* YOUR GOAL: Nothing in the data should change when you return it, but leave the pictures out.

* EXCERPTED RECORDS:
# # # # #

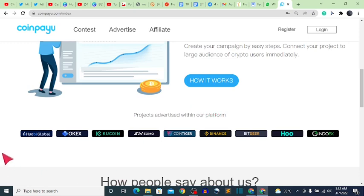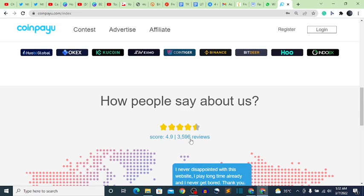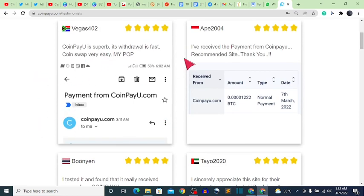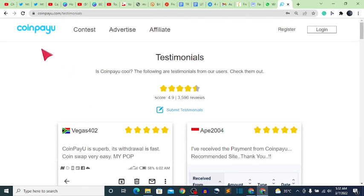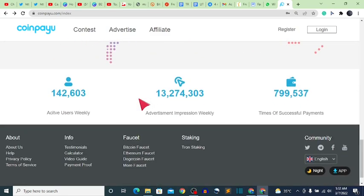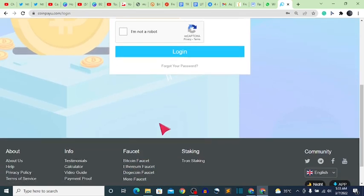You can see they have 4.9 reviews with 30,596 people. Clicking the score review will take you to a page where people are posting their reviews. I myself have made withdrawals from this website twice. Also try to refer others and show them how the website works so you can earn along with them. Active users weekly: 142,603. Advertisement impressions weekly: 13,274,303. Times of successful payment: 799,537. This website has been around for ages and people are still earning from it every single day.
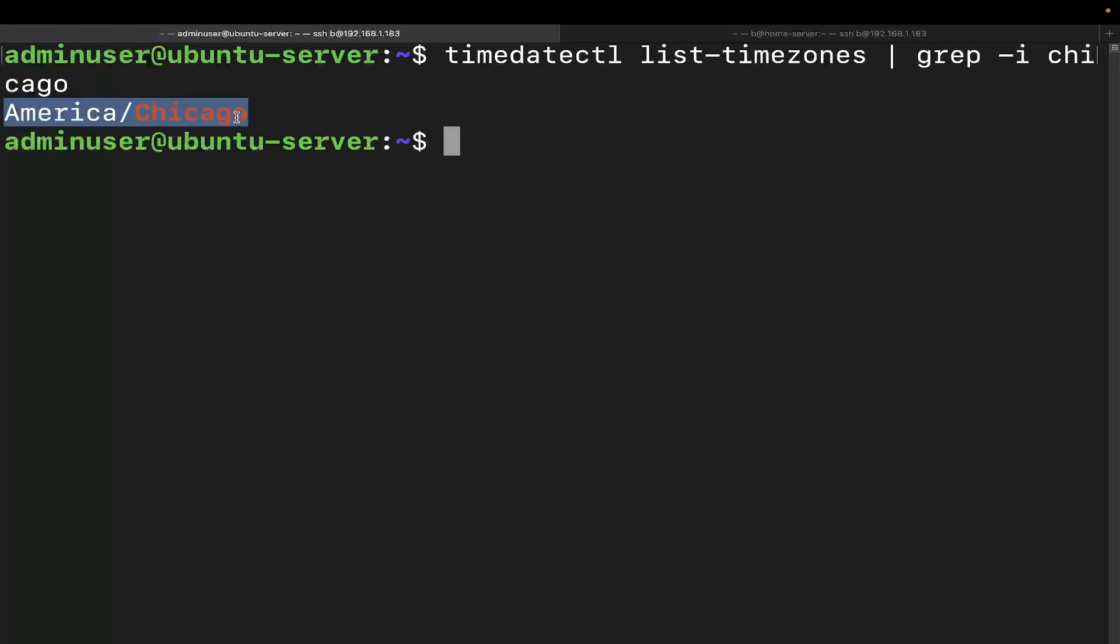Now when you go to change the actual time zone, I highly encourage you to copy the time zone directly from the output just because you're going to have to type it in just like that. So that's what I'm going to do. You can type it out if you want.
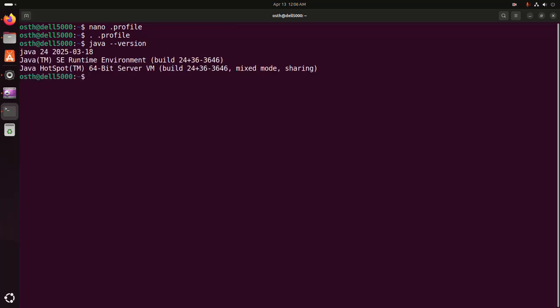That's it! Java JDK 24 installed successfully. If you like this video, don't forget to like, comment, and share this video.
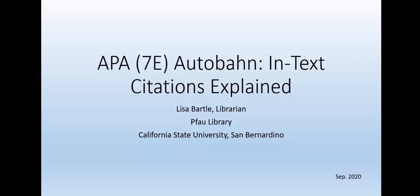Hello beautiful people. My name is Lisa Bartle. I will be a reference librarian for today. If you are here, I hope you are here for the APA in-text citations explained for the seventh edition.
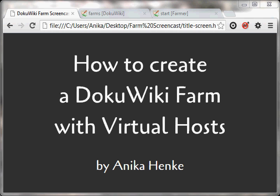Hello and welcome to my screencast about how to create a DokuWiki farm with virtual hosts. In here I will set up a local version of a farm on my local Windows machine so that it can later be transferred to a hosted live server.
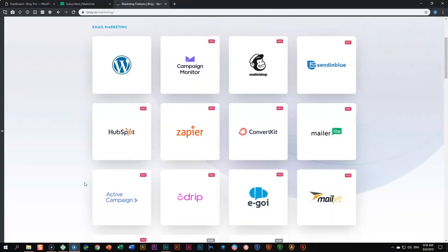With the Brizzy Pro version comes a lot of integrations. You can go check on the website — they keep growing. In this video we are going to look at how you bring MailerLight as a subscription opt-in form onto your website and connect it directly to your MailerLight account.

# # # # #

* WRITTEN RESPONSE:
You can see they have 4.9 reviews with 30,596 people. Clicking the score review will take you to a page where people are posting their reviews. I myself have made withdrawals from this website twice. Also try to refer others and show them how the website works so you can earn along with them. Active users weekly: 142,603. Advertisement impressions weekly: 13,274,303. Times of successful payment: 799,537. This website has been around for ages and people are still earning from it every single day.
Now when you go to change the actual time zone, I highly encourage you to copy the time zone directly from the output just because you're going to have to type it in just like that. So that's what I'm going to do. You can type it out if you want.
That's it! Java JDK 24 installed successfully. If you like this video, don't forget to like, comment, and share this video.
Hello beautiful people. My name is Lisa Bartle. I will be a reference librarian for today. If you are here, I hope you are here for the APA in-text citations explained for the seventh edition.
Hello and welcome to my screencast about how to create a DokuWiki farm with virtual hosts. In here I will set up a local version of a farm on my local Windows machine so that it can later be transferred to a hosted live server.
With the Brizzy Pro version comes a lot of integrations. You can go check on the website — they keep growing. In this video we are going to look at how you bring MailerLight as a subscription opt-in form onto your website and connect it directly to your MailerLight account.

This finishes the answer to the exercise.